The Company can use foreign currency forward or option contracts to hedge certain forecasted foreign currency transactions relating to cost of services and operating expenses. The derivatives are intended to hedge the U.S. Dollar equivalent of the Company's planned cost of services and operating expenses denominated in foreign currencies. These derivatives are designated as cash flow hedges. Execution of these cash flow hedge derivatives typically occurs every month with maturities of one year or less. The effective portion of the derivative's gain or loss is initially reported as a component of accumulated other comprehensive income (loss), and upon occurrence of the forecasted transaction, is subsequently reclassified into the cost of services or operating expense line item to which the hedged transaction relates. The Company records any ineffectiveness of the hedging instruments in other expense, net in its Condensed Consolidated Statements of Comprehensive Income. Cash flows from such hedges are classified as operating activities. All amounts within other comprehensive income are expected to be reclassified into earnings within the next 12 months.
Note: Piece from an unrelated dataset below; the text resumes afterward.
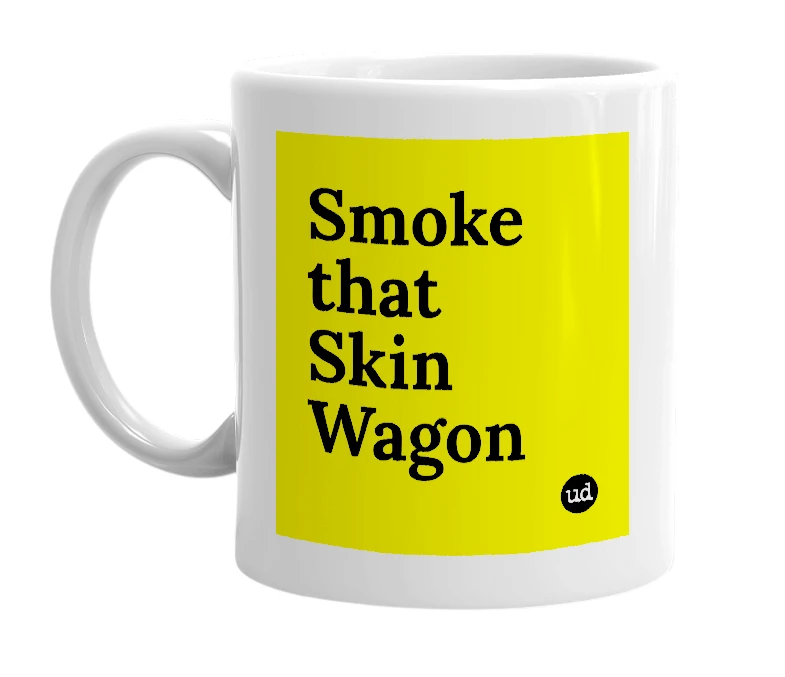 White mug with 'Smoke that Skin Wagon' in bold black letters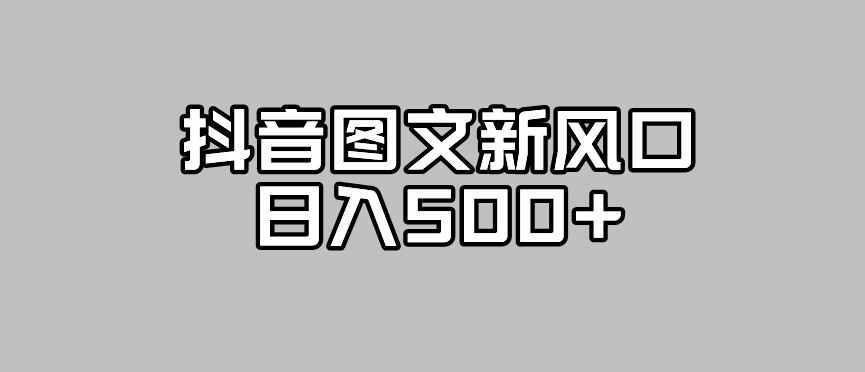 抖音图文最新风口，流量扶持非常高，日入500+【揭秘】-泰戈创艺资源库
As of September 30, 2012 and December 31, 2011, the total fair value of the Company’s derivative assets recorded in other current assets on the Condensed Consolidated Balance Sheets was $4.6 million and $0.4 million, respectively. As of September 30, 2012 and December 31, 2011, the total fair value of the Company’s derivative liabilities recorded in other accrued liabilities on the Condensed Consolidated Balance Sheets was $0.6 million and $9.6 million, respectively.

During the three and nine months ended September 30, 2012, the Company recognized a gain of $5.7 million and $6.5 million, respectively, in accumulated other comprehensive income for the effective portion of its derivative instruments and reclassified a loss of $3.2 million and $8.7 million, respectively, from other comprehensive income to operating expense in the Condensed Consolidated Statements of Comprehensive Income. During the three and nine months ended September 30, 2011, the Company recognized a loss of $5.6 million and a gain of $1.5 million, respectively, in accumulated other comprehensive income for the effective portion of its derivative instruments and reclassified a gain of $1.2 million and $3.4 million, respectively, from other comprehensive income to operating expense in the Condensed Consolidated Statements of Comprehensive Income.

The ineffective portion of the Company's derivative instruments recognized in its Condensed Consolidated Statements of Comprehensive Income was not material during the three and nine months ended September 30, 2012 and September 30, 2011.

Non-Designated Derivatives

The Company also uses foreign currency forward contracts to mitigate variability in gains and losses generated from the re-measurement of certain monetary assets and liabilities denominated in foreign currencies. These derivatives do not qualify for special hedge accounting treatment. These derivatives are carried at fair value with changes recorded in other expense, net in the Condensed Consolidated Statements of Comprehensive Income. Changes in the fair value of these derivatives are largely offset by re-measurement of the underlying assets and liabilities. Cash flows from such derivatives are classified as operating activities. The derivatives have maturities of approximately two months.

During the three and nine months ended September 30, 2012, the Company recognized a net gain of $0.3 million and $0.5 million, respectively, within other expense, net, on its Condensed Consolidated Statements of Comprehensive Income from non-designated derivative instruments. During the three and nine months ended September 30, 2011, the Company recognized a net gain of $0.8 million and $1.0 million, respectively, within other expense, net, on its Condensed Consolidated Statements of Comprehensive Income from non-designated derivative instruments.